## EXERCISE BRIEF
From the line containing "horse cereza Dorada" to the line containing "Homemade Conditioner: घर" in the records below, set down every line exactly as it stands, both ends included, and skip the pictures.

=== DATA FOR THIS TASK ===

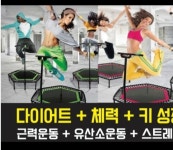 올리Go점핑&힐링 | 네오빌 점핑&힐링카페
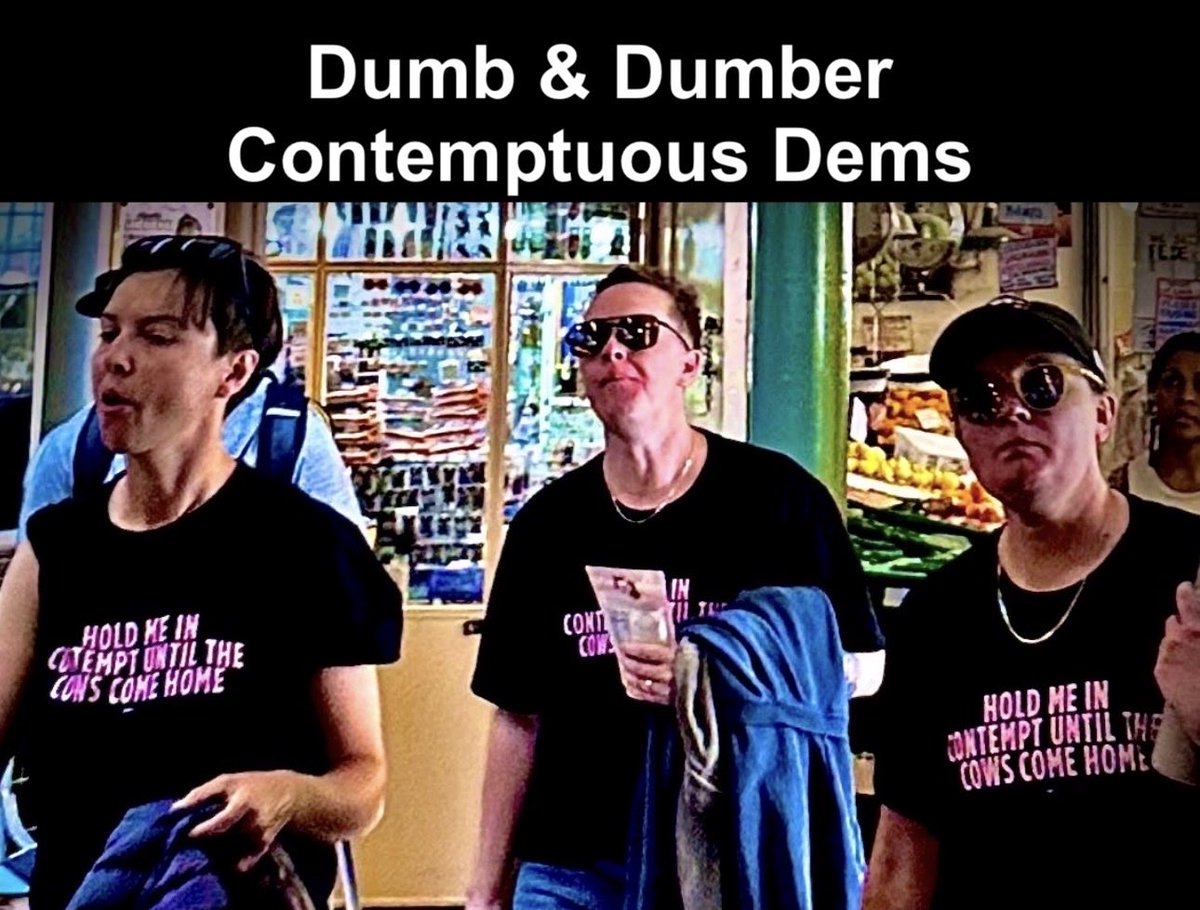 MAGA Lynn 🇺🇸 tweet media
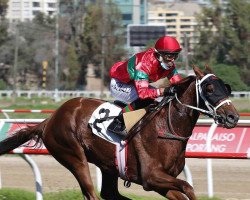 horse cereza Dorada xx (Thoroughbred, 2018, from California Chrome xx)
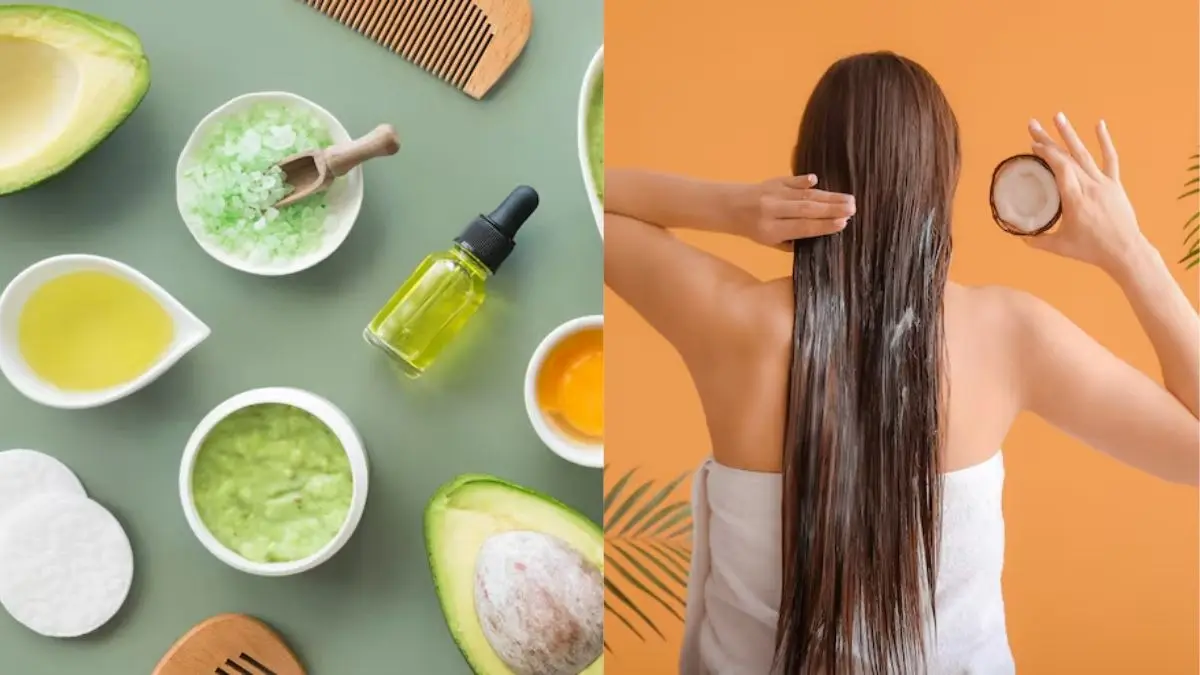 Homemade Conditioner: घर पर खुद से इस तरह बनाएं कंडीशनर, पैसों की भी बचत और बालों के लिए भी असरदार Homemade Conditioner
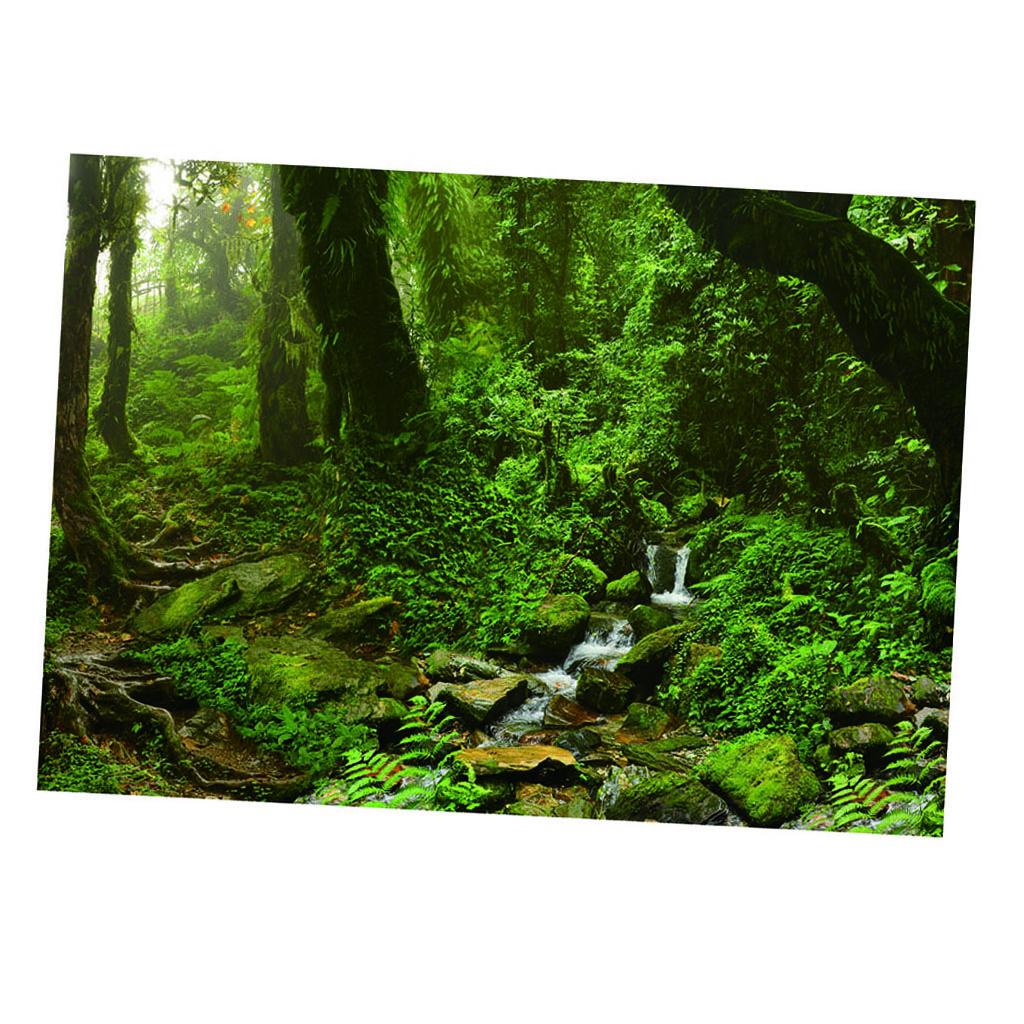 Aquarium Backdrop Poster Vivid - Aquarium Fish Poster recensione e prezzo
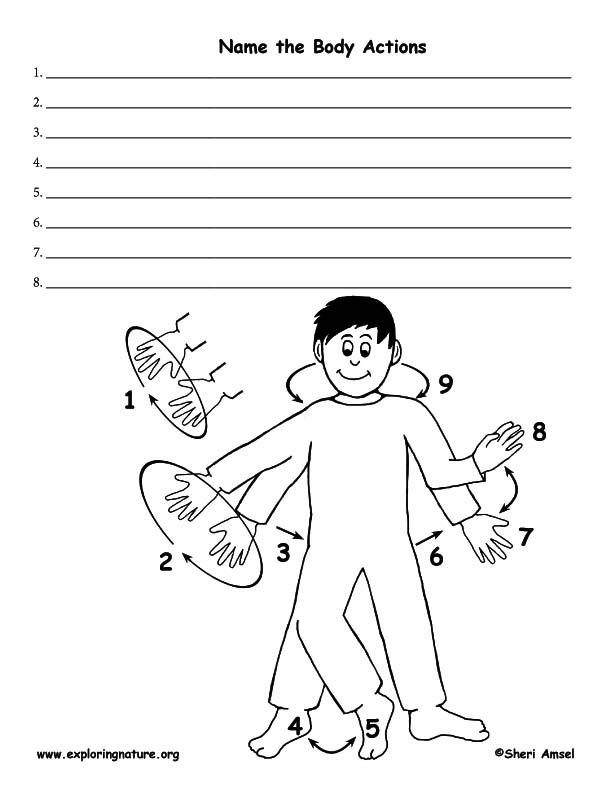 Body Actions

===

## COMPLETED EXERCISE
 horse cereza Dorada xx (Thoroughbred, 2018, from California Chrome xx)
 Homemade Conditioner: घर पर खुद से इस तरह बनाएं कंडीशनर, पैसों की भी बचत और बालों के लिए भी असरदार Homemade Conditioner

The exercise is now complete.